▶ **Records to use**
----------
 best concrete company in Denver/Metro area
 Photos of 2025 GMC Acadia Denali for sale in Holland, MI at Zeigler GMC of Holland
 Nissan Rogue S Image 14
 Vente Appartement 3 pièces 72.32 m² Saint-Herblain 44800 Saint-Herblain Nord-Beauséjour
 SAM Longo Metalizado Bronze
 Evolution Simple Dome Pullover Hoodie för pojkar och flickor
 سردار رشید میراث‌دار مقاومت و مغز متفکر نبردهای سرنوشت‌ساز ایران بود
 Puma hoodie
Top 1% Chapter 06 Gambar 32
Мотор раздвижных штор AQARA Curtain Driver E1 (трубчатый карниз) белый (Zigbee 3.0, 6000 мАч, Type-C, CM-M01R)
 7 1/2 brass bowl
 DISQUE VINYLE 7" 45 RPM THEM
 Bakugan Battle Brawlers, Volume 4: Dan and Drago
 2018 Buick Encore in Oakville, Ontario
----------
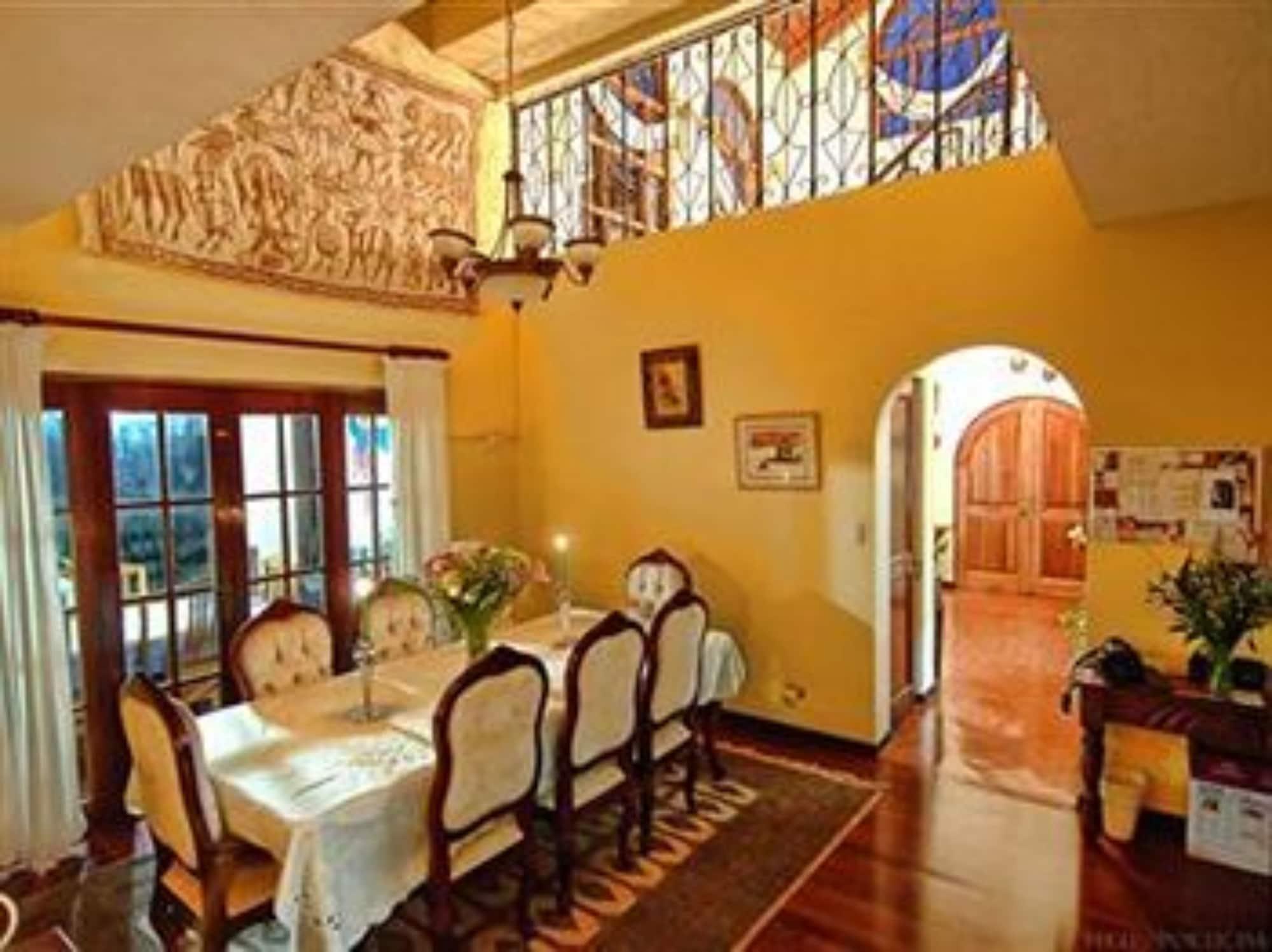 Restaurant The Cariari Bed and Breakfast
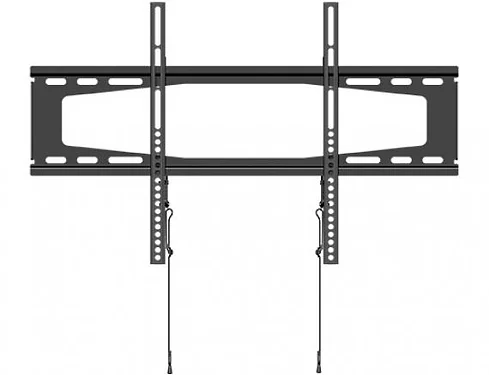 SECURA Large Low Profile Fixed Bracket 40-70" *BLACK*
----------
▶ **Task directions**
When the line with "Photos of 2025" is reached in the data above, start copying there, and copy each line exactly until the line with "Evolution Simple Dome" has been copied; copy nothing else.

▶ **Output**
 Photos of 2025 GMC Acadia Denali for sale in Holland, MI at Zeigler GMC of Holland
 Nissan Rogue S Image 14
 Vente Appartement 3 pièces 72.32 m² Saint-Herblain 44800 Saint-Herblain Nord-Beauséjour
 SAM Longo Metalizado Bronze
 Evolution Simple Dome Pullover Hoodie för pojkar och flickor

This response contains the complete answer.